_Records shown_
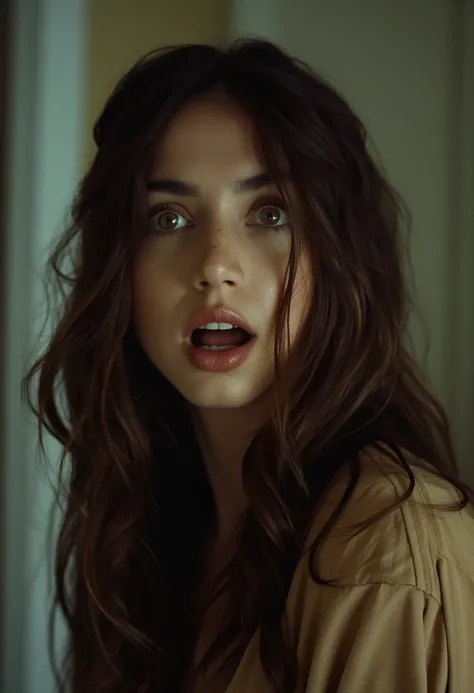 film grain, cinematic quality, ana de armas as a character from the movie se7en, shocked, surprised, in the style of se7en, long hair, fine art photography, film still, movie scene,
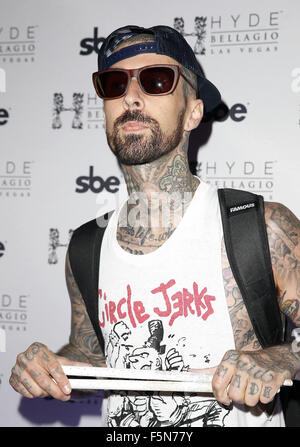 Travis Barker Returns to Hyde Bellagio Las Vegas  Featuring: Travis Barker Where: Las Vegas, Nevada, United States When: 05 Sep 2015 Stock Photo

* * *

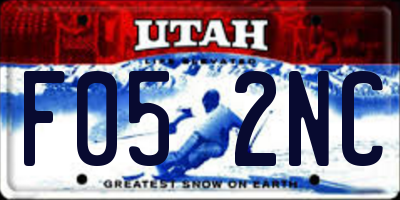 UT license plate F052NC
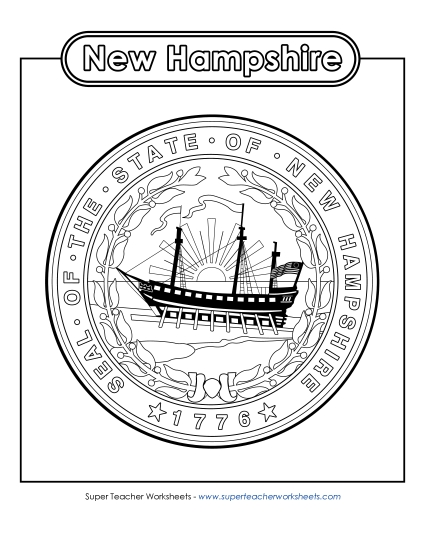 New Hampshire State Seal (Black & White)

_Work task_
Above are the records; please give again, exactly and in full, only the lines that run from the line with "film grain, cinematic" through the line with "Travis Barker Returns", with no pictures.

_Output for this exercise_
 film grain, cinematic quality, ana de armas as a character from the movie se7en, shocked, surprised, in the style of se7en, long hair, fine art photography, film still, movie scene,
 Travis Barker Returns to Hyde Bellagio Las Vegas  Featuring: Travis Barker Where: Las Vegas, Nevada, United States When: 05 Sep 2015 Stock Photo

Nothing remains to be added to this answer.